[Dataset records]
'''
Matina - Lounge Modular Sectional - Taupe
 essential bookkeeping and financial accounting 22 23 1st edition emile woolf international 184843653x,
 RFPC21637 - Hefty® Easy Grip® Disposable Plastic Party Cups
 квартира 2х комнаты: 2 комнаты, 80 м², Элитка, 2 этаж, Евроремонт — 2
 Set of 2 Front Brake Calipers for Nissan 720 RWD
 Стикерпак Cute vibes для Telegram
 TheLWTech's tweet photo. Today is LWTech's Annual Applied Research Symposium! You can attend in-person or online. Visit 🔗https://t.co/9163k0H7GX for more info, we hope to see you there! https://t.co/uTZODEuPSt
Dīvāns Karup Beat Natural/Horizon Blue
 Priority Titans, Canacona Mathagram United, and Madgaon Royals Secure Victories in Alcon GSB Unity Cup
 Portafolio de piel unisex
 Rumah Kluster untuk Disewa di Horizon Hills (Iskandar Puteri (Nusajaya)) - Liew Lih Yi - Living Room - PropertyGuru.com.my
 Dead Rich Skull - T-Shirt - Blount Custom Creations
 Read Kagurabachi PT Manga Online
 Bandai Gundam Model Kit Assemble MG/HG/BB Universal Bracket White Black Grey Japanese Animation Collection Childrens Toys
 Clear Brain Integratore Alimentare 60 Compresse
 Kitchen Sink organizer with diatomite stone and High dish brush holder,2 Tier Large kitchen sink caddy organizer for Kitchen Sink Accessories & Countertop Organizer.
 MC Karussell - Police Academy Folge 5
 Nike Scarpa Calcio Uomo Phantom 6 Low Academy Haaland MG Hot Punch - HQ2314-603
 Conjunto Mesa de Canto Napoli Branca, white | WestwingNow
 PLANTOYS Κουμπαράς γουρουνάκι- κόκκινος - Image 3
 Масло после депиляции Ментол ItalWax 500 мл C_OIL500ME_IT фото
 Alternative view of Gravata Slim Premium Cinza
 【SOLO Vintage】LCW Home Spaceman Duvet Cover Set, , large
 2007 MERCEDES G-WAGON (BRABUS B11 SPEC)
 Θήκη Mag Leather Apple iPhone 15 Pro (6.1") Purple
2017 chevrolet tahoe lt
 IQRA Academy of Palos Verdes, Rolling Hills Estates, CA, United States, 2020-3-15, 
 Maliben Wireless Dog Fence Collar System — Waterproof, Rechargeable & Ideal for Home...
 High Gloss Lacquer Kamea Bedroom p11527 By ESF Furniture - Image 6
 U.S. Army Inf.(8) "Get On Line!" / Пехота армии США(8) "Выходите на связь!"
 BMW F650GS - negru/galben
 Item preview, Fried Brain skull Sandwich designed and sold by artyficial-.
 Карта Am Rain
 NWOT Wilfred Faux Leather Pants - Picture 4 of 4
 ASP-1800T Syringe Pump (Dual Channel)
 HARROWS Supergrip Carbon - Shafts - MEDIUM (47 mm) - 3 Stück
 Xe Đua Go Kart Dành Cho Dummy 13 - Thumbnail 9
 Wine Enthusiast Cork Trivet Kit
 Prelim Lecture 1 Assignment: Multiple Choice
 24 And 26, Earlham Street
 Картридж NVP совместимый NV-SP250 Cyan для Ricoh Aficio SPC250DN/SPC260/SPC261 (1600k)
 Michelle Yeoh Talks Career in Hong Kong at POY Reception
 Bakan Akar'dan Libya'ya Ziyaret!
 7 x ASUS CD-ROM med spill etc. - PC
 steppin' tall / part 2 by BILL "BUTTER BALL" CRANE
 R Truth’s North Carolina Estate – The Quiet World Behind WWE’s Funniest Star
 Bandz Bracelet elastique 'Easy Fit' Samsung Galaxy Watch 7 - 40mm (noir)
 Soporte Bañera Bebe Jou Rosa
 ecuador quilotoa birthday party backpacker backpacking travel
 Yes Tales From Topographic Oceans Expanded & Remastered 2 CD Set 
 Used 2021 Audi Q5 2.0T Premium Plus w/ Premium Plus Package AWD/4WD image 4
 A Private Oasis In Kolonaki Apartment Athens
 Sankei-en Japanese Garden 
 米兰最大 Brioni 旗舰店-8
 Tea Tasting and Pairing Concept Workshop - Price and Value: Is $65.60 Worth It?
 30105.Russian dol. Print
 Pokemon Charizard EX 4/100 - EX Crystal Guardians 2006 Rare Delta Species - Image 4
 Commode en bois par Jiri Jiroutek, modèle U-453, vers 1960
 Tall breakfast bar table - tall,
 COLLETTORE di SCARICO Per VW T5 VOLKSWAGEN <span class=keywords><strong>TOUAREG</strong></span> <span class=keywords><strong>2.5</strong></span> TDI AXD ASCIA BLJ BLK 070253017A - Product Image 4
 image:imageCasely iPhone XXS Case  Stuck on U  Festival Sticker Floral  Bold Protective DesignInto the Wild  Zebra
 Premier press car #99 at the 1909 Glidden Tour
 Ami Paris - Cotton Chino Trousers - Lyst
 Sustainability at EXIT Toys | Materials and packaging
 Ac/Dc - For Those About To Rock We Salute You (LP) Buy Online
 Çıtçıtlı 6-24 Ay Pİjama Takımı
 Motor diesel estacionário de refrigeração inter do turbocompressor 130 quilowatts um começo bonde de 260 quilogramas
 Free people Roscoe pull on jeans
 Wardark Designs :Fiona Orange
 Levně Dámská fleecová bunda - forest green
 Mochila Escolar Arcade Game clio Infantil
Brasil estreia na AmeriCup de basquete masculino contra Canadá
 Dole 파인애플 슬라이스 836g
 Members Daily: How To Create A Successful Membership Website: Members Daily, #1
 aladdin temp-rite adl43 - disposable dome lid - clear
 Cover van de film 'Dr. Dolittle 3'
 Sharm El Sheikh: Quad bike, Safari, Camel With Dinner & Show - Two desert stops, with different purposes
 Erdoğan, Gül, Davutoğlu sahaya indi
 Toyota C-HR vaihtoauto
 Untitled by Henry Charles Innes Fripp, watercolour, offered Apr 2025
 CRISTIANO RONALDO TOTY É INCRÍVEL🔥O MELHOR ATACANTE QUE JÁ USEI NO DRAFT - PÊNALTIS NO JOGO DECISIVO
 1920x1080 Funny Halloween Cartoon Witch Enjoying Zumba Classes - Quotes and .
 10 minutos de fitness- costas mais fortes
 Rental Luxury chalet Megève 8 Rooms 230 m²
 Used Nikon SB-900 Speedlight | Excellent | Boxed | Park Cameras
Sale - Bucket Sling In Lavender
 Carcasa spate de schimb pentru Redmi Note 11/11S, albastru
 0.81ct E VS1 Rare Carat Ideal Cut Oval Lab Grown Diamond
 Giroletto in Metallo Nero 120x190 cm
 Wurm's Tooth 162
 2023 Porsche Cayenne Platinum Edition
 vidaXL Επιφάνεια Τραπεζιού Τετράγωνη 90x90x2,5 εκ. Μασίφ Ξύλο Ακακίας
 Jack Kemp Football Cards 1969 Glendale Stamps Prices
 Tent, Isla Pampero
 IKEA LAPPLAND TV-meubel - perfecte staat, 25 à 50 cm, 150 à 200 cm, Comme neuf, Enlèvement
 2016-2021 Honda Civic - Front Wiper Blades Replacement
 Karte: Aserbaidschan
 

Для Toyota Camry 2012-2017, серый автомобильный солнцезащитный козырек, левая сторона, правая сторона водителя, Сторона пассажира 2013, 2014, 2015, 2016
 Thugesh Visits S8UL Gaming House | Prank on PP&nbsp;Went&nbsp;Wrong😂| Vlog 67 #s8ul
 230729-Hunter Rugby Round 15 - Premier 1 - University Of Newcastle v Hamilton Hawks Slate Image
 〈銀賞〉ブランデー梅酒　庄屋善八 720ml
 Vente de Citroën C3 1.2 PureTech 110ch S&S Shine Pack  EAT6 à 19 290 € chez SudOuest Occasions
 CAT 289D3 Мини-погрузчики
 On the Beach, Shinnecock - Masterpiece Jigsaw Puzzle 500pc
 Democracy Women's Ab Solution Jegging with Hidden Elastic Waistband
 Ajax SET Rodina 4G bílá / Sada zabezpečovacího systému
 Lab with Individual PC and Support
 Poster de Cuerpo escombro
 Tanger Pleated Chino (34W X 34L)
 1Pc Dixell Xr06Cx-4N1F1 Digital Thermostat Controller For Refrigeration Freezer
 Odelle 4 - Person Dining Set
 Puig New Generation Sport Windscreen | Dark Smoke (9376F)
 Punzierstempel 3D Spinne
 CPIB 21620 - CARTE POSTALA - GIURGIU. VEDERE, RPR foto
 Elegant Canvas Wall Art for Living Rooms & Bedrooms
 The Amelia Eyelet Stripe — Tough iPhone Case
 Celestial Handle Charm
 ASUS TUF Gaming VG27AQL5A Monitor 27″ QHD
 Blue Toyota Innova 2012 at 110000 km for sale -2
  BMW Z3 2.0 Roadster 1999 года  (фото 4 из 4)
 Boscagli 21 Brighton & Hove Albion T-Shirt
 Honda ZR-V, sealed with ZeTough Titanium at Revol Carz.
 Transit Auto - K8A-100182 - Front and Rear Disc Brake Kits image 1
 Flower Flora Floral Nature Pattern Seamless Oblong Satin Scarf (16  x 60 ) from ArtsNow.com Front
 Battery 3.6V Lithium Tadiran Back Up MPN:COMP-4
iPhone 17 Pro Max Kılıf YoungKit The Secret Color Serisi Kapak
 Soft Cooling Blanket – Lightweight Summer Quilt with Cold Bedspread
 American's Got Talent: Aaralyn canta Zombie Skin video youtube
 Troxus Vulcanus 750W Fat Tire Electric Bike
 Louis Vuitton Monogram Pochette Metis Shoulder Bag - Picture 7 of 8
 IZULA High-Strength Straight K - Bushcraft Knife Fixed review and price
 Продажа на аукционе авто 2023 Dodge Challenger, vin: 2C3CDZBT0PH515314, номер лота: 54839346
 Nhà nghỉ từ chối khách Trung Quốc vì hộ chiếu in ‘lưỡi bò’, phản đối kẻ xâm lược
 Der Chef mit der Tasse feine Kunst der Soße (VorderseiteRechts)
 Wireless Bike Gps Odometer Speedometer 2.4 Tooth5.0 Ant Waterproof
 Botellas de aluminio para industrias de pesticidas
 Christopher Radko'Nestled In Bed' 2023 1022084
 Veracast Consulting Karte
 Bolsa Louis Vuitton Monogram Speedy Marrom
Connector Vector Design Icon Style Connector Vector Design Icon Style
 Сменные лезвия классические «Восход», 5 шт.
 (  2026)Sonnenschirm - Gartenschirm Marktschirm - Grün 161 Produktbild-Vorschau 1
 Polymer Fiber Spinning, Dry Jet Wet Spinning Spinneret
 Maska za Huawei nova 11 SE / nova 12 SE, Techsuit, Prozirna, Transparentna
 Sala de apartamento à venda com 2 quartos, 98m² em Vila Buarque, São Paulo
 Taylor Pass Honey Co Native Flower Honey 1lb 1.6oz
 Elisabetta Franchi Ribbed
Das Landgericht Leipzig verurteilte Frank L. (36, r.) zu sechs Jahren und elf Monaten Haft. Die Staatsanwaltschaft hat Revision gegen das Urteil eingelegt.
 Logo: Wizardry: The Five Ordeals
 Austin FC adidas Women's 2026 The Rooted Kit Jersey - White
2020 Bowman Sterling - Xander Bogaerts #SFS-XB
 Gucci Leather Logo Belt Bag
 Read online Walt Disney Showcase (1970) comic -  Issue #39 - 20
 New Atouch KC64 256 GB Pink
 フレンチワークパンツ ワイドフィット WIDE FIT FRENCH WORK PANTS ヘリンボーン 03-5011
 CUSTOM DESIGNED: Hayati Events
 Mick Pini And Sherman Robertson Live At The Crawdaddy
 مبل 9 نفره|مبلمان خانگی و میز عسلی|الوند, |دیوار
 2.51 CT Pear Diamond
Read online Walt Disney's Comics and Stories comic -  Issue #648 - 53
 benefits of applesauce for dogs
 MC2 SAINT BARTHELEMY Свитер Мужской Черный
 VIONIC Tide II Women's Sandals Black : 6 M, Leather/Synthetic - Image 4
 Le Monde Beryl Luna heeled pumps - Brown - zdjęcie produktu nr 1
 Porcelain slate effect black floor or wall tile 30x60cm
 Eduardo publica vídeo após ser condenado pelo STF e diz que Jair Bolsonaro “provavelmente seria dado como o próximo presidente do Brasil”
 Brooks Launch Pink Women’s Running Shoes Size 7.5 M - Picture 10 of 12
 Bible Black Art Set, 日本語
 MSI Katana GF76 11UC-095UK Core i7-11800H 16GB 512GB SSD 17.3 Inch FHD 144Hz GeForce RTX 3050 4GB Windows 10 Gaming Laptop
'''
Collect every line with the string "Women" from the records, and copy each.

[YOUR RESPONSE]:
 Democracy Women's Ab Solution Jegging with Hidden Elastic Waistband
 Austin FC adidas Women's 2026 The Rooted Kit Jersey - White
 VIONIC Tide II Women's Sandals Black : 6 M, Leather/Synthetic - Image 4
 Brooks Launch Pink Women’s Running Shoes Size 7.5 M - Picture 10 of 12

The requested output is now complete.